#### WHAT THE TASK REQUIRES
A faithful retyping of every entry below is wanted, with images left out.

#### SUPPLIED INFORMATION
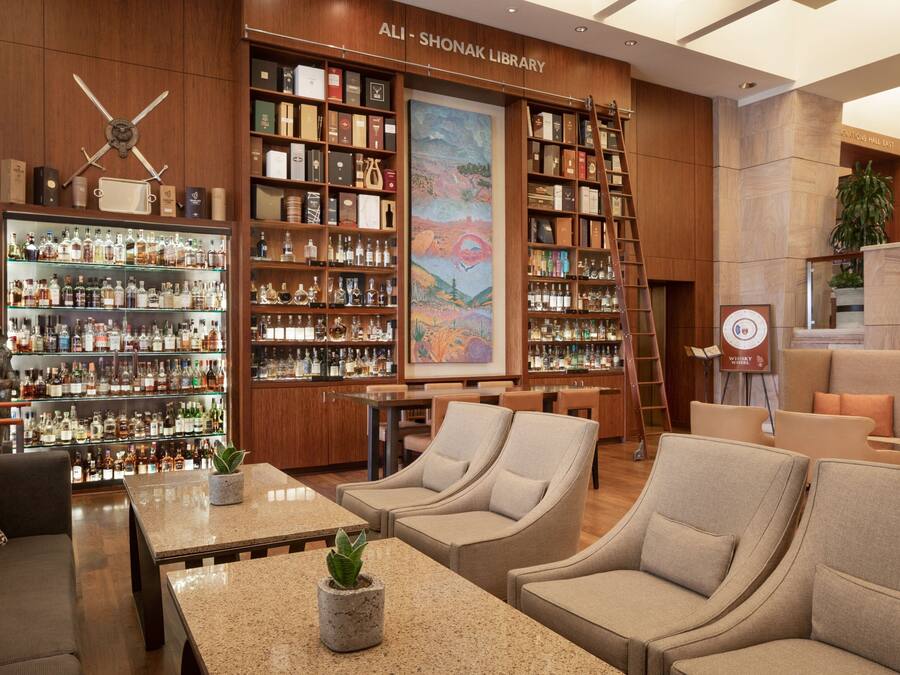 Une bibliothèque avec des étagères, un tableau et des coins salon.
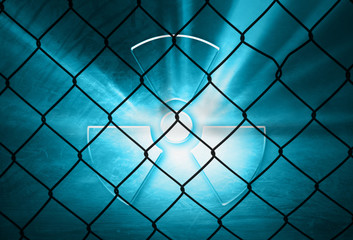 Conceptual shiny glass effect radiation symbol illustration with wire fence background.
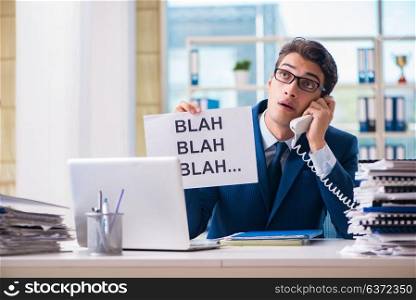 Businessman with message in the office at desk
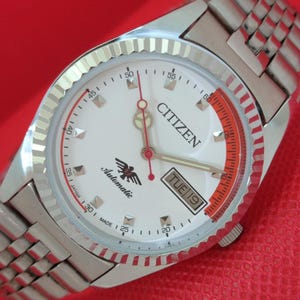 Op de afbeelding: Citizen automatisch polshorloge met een witte wijzerplaat, zilveren wijzers en een rode secondewijzer. Het horloge heeft een zilveren band en een datumweergave. Op de wijzerplaat staan de woorden "Citizen" en "Automatic".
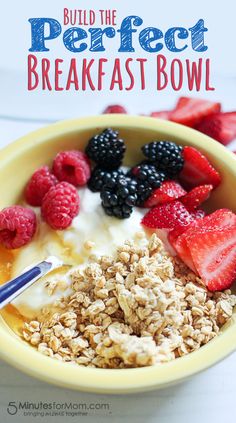 a bowl filled with granola, berries and yogurt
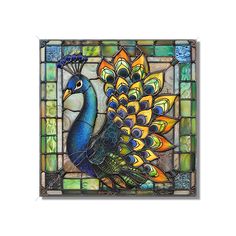 a stained glass window with a peacock on it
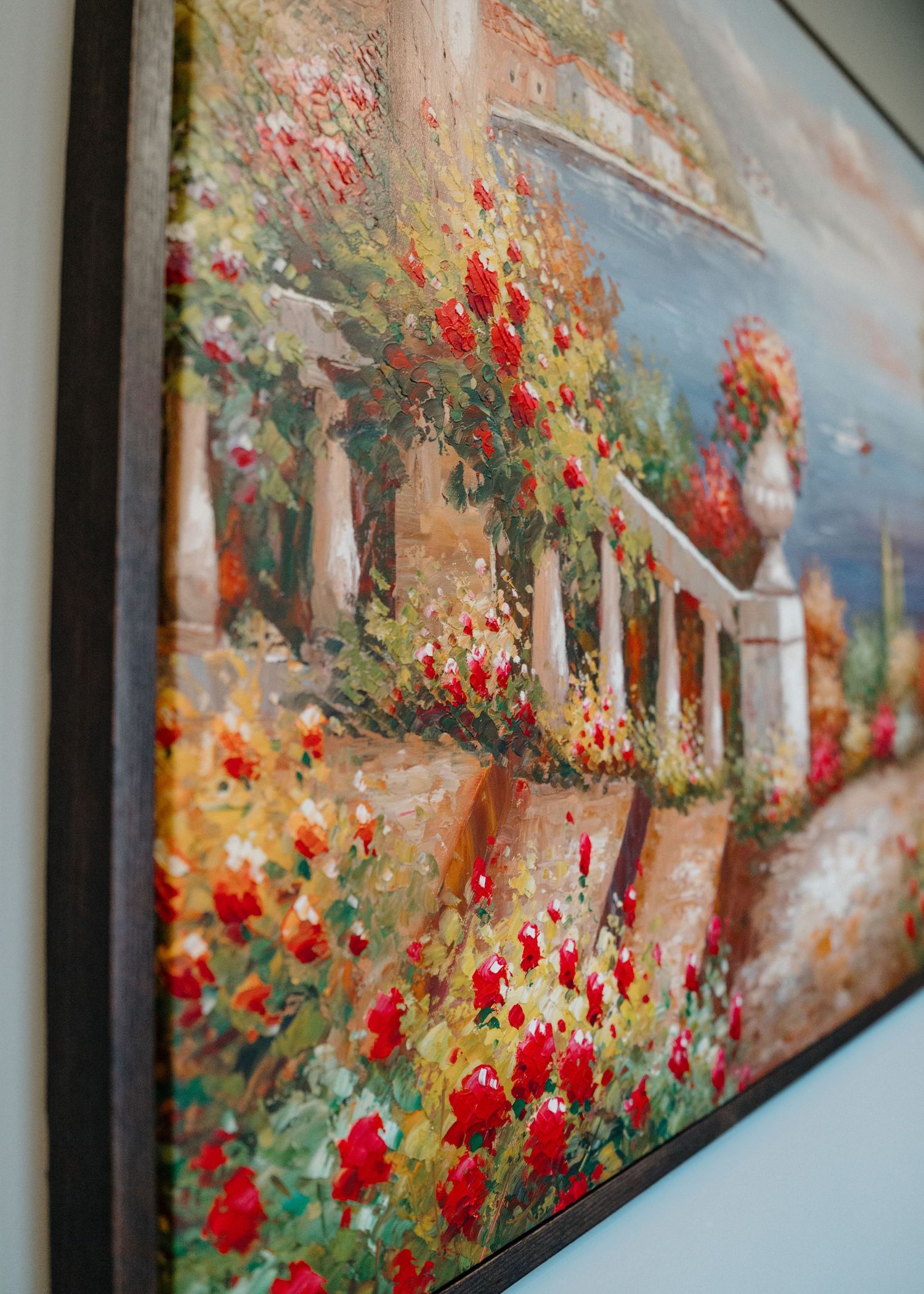 Framed oil painting of a lush garden with vibrant red roses climbing white columns near a Mediterranean villa.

#### EXERCISE OUTPUT
 Une bibliothèque avec des étagères, un tableau et des coins salon.
 Conceptual shiny glass effect radiation symbol illustration with wire fence background.
 Businessman with message in the office at desk
 Op de afbeelding: Citizen automatisch polshorloge met een witte wijzerplaat, zilveren wijzers en een rode secondewijzer. Het horloge heeft een zilveren band en een datumweergave. Op de wijzerplaat staan de woorden "Citizen" en "Automatic".
 a bowl filled with granola, berries and yogurt
 a stained glass window with a peacock on it
 Framed oil painting of a lush garden with vibrant red roses climbing white columns near a Mediterranean villa.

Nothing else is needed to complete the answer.